Er stund vom Bett auf, kleidete sich besser als sonst an und trat auf die viereckige Plattform, die ihm zur Verfügung stand, hinaus. Von hier sah man auf die Kronen der im Nachbarobstgarten gelegenen Bäume hinüber. Wie ruhig und blendend sonnig hier alles aussah. Pauline, die Magd, deckte den Morgentisch draußen an der freien Luft. Diesem Anblick konnte der Gehülfe nicht länger widerstehen, es riß ihn hinunter zu Kaffee, Brot, Butter und Eingemachtem.
Später ging er ins Bureau hinunter. Es war ja nicht viel zu machen da unten, aber er setzte sich trotzdem, angezogen von einem beinahe lieblichen Gewohnheitsgefühl, an den Schreibtisch, der wie ein Küchentisch aussah, und korrespondierte. Ach, es war heute das reine Tändeln mit der sonst so ernsthaften Feder. Das Wort »telephonische Unterredung« erschien ihm ebenso sonntäglich geputzt wie das Wetter und die Welt draußen. Die Redewendung »und gestatte ich mir« war blau wie der See zu Füßen der Villa Tobler, und das »hochachtungsvoll« am Schluß des Schreibens schien nach Kaffee, Sonne und Kirschenmarmelade zu duften.
Er trat zur Bureautür in den Garten hinaus. Das war ja auch sonntäglich, daß man sich gestatten durfte, mir nichts dir nichts die Arbeit zu unterbrechen, um rasch den Garten ein bißchen inspizieren zu gehen. Wie das duftete, wie heiß es schon war, trotz der noch frühen Morgenstunde. Da würde man vielleicht in einer halben Stunde baden gehen, so »genau kam es sicher nicht darauf an«. Ja heute durfte man diese Worte Tobler ruhig ins Gesicht hineinsagen, er würde ganz derselben Meinung wie Joseph sein. Das »Nichtdaraufankommen«, das war schließlich der ganze Unterschied zwischen einem Sonntag und einem Werktag. Wie der ganze Garten verzaubert dalag, verzaubert von Hitze, Bienensummen und Blumenduften. Heute abend würde man den Garten auch wieder einmal recht tüchtig spritzen müssen.
Joseph kam sich wie das Ideal eines Angestellten vor, indem er das dachte. Er trug jetzt die Glaskugel ans Freie hinaus.
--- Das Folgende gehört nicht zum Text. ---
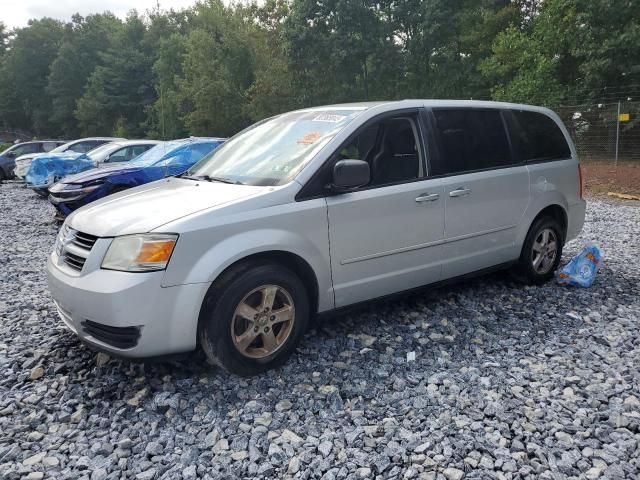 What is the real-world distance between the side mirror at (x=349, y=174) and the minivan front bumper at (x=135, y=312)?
3.70 ft

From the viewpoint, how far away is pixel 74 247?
3.35m

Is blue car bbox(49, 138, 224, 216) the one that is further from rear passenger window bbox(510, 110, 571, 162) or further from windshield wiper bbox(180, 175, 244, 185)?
rear passenger window bbox(510, 110, 571, 162)

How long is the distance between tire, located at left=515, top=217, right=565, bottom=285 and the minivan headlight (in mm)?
3567

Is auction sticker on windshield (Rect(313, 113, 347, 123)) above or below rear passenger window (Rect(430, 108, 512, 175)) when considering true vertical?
above

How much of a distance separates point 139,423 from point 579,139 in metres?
17.8

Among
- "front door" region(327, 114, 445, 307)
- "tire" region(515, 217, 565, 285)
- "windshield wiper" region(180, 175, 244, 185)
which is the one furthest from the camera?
"tire" region(515, 217, 565, 285)

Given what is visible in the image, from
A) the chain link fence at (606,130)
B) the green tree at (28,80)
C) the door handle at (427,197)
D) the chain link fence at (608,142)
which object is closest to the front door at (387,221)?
the door handle at (427,197)

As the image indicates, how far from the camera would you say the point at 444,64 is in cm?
2956

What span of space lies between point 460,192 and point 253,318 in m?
2.10

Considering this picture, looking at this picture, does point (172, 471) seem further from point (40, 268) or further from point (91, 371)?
point (40, 268)

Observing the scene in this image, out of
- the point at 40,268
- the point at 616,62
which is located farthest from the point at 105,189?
the point at 616,62

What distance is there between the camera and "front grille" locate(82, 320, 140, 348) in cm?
301

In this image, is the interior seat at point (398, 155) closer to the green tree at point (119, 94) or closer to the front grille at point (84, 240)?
the front grille at point (84, 240)

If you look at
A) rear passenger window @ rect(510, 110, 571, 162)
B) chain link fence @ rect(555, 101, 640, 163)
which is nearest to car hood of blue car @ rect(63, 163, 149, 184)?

Da kam ihm Tobler, mit einem wahrhaft noblen neuen Anzug bekleidet, entgegen und erklärte ihm, daß er heute mit Frau und Kindern ausreisen wolle. Man könne nicht immer zu Hause sitzen, und der Frau müsse man auch einmal eine Freude gönnen. Was Joseph beträfe, so werde der wahrscheinlich, wie Tobler denke, nach der Stadt fahren, um seine dortigen Freunde aufzusuchen.
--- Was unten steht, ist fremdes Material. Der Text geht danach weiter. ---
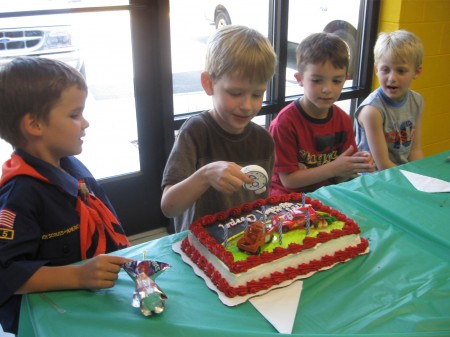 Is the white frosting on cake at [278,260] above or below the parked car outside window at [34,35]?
below

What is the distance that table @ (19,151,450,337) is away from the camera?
0.76 meters

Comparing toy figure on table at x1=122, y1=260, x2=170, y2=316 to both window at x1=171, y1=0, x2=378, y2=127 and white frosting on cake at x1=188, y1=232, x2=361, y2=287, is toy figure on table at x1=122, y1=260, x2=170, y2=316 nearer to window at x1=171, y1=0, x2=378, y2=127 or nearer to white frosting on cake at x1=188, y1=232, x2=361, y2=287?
white frosting on cake at x1=188, y1=232, x2=361, y2=287

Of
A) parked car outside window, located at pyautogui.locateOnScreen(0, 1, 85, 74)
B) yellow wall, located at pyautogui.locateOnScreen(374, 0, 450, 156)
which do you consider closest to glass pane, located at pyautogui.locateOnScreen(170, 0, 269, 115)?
parked car outside window, located at pyautogui.locateOnScreen(0, 1, 85, 74)

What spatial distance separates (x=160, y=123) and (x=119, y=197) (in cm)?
41

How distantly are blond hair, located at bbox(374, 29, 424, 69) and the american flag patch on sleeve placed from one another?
1624mm

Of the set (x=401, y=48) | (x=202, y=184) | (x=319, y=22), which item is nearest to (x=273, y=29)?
(x=319, y=22)

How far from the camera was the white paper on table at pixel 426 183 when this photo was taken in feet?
4.38

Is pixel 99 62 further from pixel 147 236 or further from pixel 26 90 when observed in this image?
pixel 26 90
»Das laß du nur einstweilen meine Sache sein, das mit den Freunden,« gab Joseph dem Herrn im stillen als stumme Antwort zurück. Laut sagte er, nein, er wolle heute da bleiben, es passe ihm besser so.
»Das können Sie meinetwegen halten, wie Sie wollen,« sprach Herr Tobler. Ungefähr nach einer halben Stunde stand die kleine Ausflugsgesellschaft, bestehend aus den beiden Ehehälften Tobler, den beiden Knaben, dem Fräulein aus der Nachbarschaft und der kleinen Dora, reisefertig vor dem Haus, um dem an einem ziemlich weit entfernten Ort stattfindenden kantonalen Sängerfest einen halbtägigen Besuch abzustatten. Frau Tobler hatte ein schwarzseidenes Kleid an und sah beinahe imponierend darin aus. Sie empfahl Pauline Obacht über das Haus an, und zu Joseph sagte sie in gemütlichem Ton, er möge ebenfalls ein bißchen aufpassen auf alles, was um das Haus herum vorgehe, da er doch, wie sie gehört habe, zu Hause bleiben wolle.
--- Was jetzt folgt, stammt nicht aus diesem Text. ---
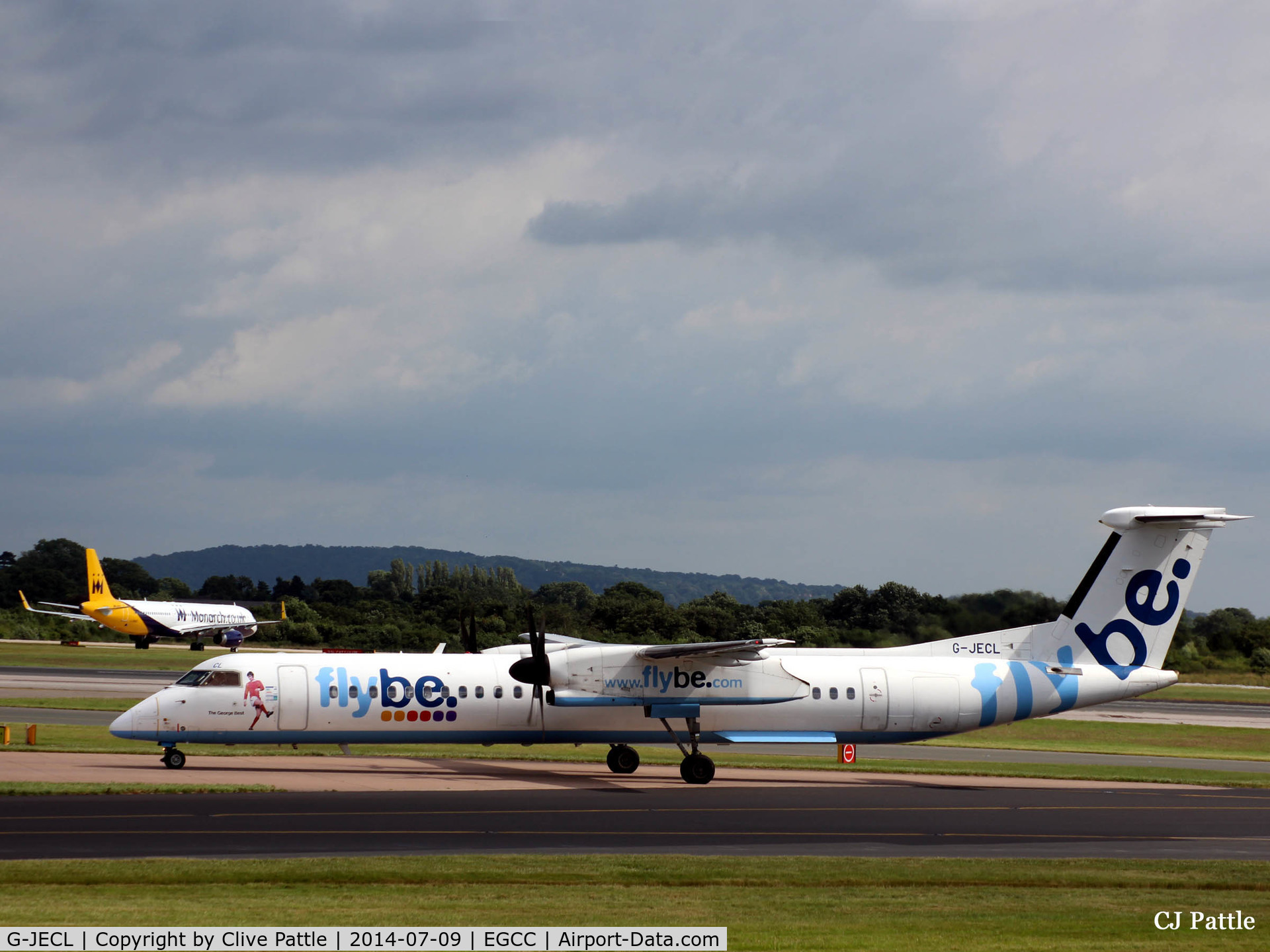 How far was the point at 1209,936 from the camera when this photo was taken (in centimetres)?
1434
Endlich begab man sich fort unter dem Geheul des an der Kette festgebundenen Hundes, den es bitter zu verdrießen schien, allein zurückbleiben zu müssen. Neben Joseph kauerte die Silvi, das Schwesterchen der Dora, am Boden. Dieses Mädchen schien sich nicht im geringsten über die Ungerechtigkeit, die ihr widerfuhr, zu grämen. Darin, daß allein sie von den vier Kindern dagelassen wurde, erblickte sie etwas Alltägliches. In der Tat war sie längst an allerlei Zurücksetzungen gewöhnt, derart, daß ihr beinahe schon alles Empfinden dafür abhanden gekommen war.
»Viel Vergnügen zu Hause, Marti,« hatte Tobler zu Joseph noch gesagt.
»Ja viel Vergnügen! Sorgen Sie gefälligst für Ihr Vergnügen, Herr Ingenieur Tobler,« dachte Joseph ein wenig bitter, als er es sich, mit einem Buch in der Hand, auf dem Bett, das er halb abdeckte, oben in seinem Lustgemach, bequem gemacht hatte:
»Da gehen sie, diese merkwürdigen Herrschaften Tobler, mitsamt dem sauren Engel aus der Parkettfabrik, auf vergnügliche Sängerfahrten, und die kleine Silvi lassen sie zu Hause wie ein widerwärtiges Häuflein Unrat. Diese Silvi ist nur so ein kleines Hudelchen, für das das schöne Sonntagswetter zu schade ist. Die schöne Frau Tobler mag das Mädchen nicht ausstehen, es ist ihr zu wenig schön, da muß es eben zu Hause sitzen. Und dieser Herr Unternehmer! Vor drei Tagen noch haben ihn die Wut und das Gefühl der Enttäuschung von links nach rechts und im Kreis herum geschüttelt, daß es ein Jammer gewesen ist, und heute sagt er zu mir, er wünsche mir viel Vergnügen, und ich solle in die Stadt zu Bekannten und Freunden fahren. Er fürchtet, ich würde mit Pauline, seiner Dienstmagd, anbandeln, das ist alles.«
Er gestand sich, daß er zu bitter sei und zwang sich zur Lektüre des Buches. Da ihm aber dies nicht gelingen wollte, legte er das Buch beiseite, trat an den Tisch heran, nahm seine private Feder zur Hand und einen Streifen Papier und schrieb folgendes darauf:
Memoiren.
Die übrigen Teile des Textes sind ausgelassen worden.